- **Exercise brief**
Nothing but the lines below between the line holding "Panoramic view of" and the line holding "Living Room with", inclusive, should appear in the answer, each set down exactly.

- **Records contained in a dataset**
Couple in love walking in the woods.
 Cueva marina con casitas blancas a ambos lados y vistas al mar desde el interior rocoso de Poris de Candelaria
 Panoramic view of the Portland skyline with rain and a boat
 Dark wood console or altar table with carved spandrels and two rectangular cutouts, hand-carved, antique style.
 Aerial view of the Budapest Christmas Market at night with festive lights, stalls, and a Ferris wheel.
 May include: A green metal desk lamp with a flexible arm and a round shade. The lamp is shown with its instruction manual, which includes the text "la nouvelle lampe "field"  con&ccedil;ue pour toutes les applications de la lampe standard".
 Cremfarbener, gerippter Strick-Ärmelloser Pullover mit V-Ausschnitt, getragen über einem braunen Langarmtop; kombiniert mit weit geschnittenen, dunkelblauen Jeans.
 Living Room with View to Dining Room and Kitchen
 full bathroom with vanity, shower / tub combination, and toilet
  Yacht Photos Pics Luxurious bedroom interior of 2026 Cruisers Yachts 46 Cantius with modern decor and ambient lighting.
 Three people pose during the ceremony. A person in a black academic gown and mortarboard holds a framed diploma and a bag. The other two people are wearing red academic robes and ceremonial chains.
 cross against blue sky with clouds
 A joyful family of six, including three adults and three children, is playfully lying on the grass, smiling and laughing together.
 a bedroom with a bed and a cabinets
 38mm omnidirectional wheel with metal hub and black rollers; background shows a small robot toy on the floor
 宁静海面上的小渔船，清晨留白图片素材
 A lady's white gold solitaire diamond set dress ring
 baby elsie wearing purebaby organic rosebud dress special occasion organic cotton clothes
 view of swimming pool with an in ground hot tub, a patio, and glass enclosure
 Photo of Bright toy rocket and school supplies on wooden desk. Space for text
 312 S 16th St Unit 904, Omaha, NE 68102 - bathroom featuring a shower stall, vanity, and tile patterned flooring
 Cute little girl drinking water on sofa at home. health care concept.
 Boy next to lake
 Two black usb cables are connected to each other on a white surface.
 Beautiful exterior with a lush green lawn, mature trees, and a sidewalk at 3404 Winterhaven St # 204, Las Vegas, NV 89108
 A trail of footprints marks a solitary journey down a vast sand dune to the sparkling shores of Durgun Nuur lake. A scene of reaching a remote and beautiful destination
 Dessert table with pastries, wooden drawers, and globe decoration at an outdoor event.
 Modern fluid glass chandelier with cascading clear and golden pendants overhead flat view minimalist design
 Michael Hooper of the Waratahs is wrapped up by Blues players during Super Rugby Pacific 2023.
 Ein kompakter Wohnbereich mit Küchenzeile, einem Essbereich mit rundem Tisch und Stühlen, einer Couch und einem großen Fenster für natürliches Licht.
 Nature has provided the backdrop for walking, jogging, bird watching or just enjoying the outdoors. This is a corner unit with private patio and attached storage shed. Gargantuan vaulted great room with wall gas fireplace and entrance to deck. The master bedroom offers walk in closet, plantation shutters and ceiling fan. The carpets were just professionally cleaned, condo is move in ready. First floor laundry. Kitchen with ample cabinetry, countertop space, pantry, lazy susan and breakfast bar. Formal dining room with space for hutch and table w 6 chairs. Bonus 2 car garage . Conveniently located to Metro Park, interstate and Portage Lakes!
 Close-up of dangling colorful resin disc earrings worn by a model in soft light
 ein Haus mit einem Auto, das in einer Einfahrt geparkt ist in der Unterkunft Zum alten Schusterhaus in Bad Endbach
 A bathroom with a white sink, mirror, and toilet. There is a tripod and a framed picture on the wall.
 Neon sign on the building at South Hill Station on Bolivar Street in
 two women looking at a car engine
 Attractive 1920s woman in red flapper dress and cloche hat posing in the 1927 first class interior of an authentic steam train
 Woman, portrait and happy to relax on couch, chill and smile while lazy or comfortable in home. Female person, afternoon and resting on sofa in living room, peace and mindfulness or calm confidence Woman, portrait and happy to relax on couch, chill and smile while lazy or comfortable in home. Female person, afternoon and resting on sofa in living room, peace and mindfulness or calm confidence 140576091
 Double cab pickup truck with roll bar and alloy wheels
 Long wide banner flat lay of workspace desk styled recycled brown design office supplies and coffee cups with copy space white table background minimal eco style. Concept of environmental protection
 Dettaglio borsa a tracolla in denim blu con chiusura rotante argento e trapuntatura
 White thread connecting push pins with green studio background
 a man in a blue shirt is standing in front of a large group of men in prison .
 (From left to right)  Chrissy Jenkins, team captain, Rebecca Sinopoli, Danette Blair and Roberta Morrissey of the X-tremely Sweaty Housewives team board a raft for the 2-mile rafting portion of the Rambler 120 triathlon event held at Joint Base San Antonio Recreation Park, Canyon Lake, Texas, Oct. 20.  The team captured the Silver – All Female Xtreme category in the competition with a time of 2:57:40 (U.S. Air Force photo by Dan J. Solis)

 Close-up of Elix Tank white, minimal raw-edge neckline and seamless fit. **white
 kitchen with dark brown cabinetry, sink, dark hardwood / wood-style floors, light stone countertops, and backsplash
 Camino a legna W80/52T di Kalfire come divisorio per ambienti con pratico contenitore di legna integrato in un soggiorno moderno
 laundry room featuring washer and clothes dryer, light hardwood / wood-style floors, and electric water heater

- **Your response**
 Panoramic view of the Portland skyline with rain and a boat
 Dark wood console or altar table with carved spandrels and two rectangular cutouts, hand-carved, antique style.
 Aerial view of the Budapest Christmas Market at night with festive lights, stalls, and a Ferris wheel.
 May include: A green metal desk lamp with a flexible arm and a round shade. The lamp is shown with its instruction manual, which includes the text "la nouvelle lampe "field"  con&ccedil;ue pour toutes les applications de la lampe standard".
 Cremfarbener, gerippter Strick-Ärmelloser Pullover mit V-Ausschnitt, getragen über einem braunen Langarmtop; kombiniert mit weit geschnittenen, dunkelblauen Jeans.
 Living Room with View to Dining Room and Kitchen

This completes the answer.